» WHAT TO PRODUCE:
Write the entries out again in full and unchanged, dropping every image.

» GIVEN INFORMATION:
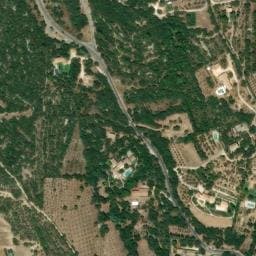 Vue satellite de Aire de repos à Fontaine-de-Vaucluse (3) à Fontaine-de-Vaucluse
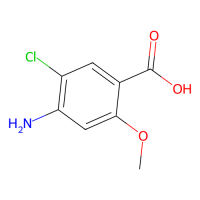 4-氨基-5-氯邻茴香酸，7206-70-4，≥98%(HPLC)，阿拉丁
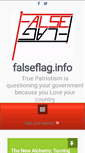 Mobile Screenshot of falseflag.info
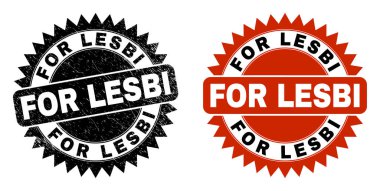 Kirli Yüzeyli LeSBI Siyah Rosette Mühür Mührü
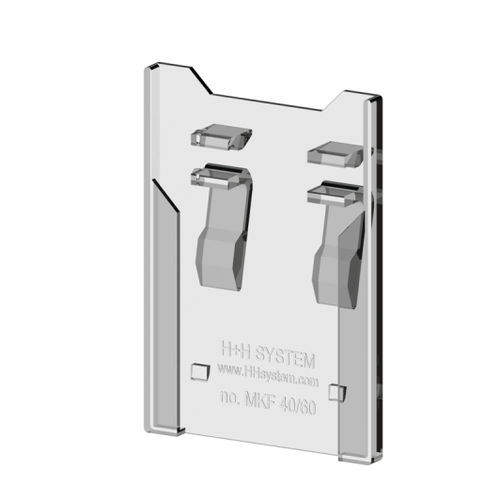 Soporte para etiquetas - 100060 - H+H SYSTEM GmbH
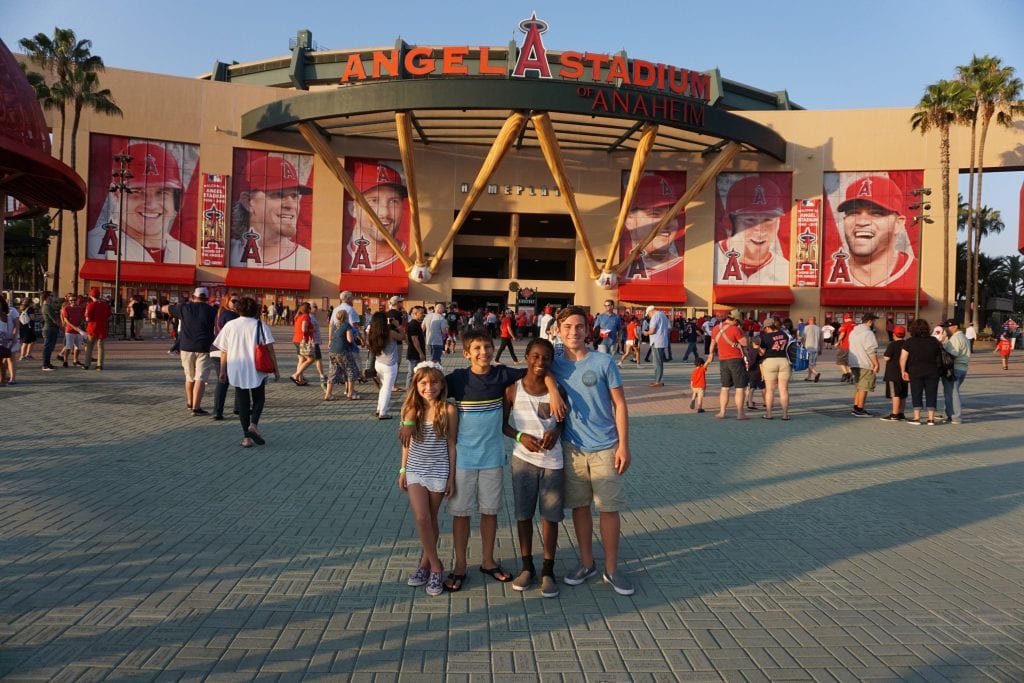 Angels Stadium located in Anaheim CA. Baseball in California | Global Munchkins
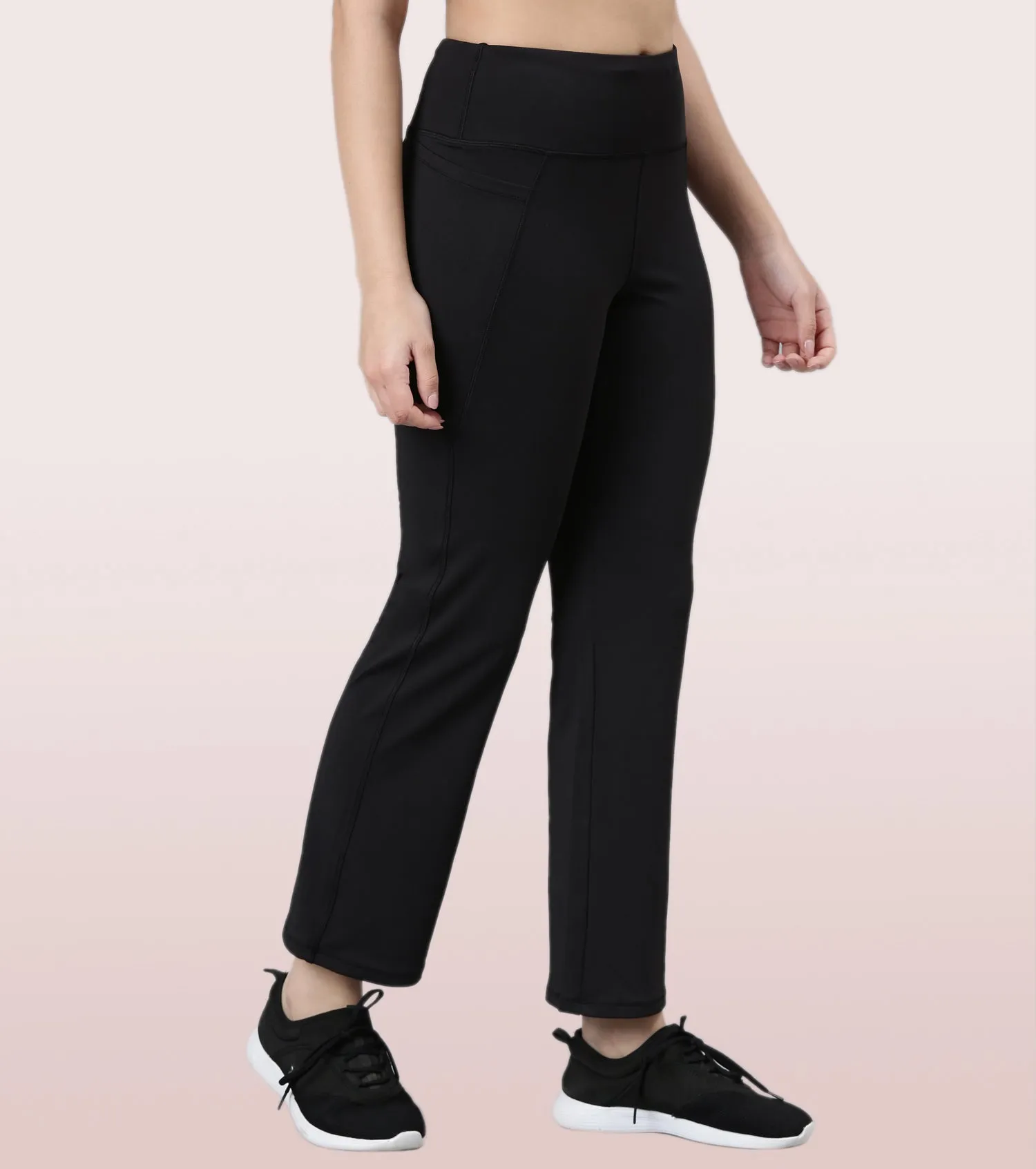 Enamor Boot Cut Active Pant | High Waist Workout Pant For Women | A402 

» ANSWER TO THIS EXERCISE:
 Vue satellite de Aire de repos à Fontaine-de-Vaucluse (3) à Fontaine-de-Vaucluse
 4-氨基-5-氯邻茴香酸，7206-70-4，≥98%(HPLC)，阿拉丁
 Mobile Screenshot of falseflag.info
 Kirli Yüzeyli LeSBI Siyah Rosette Mühür Mührü
 Soporte para etiquetas - 100060 - H+H SYSTEM GmbH
 Angels Stadium located in Anaheim CA. Baseball in California | Global Munchkins
 Enamor Boot Cut Active Pant | High Waist Workout Pant For Women | A402 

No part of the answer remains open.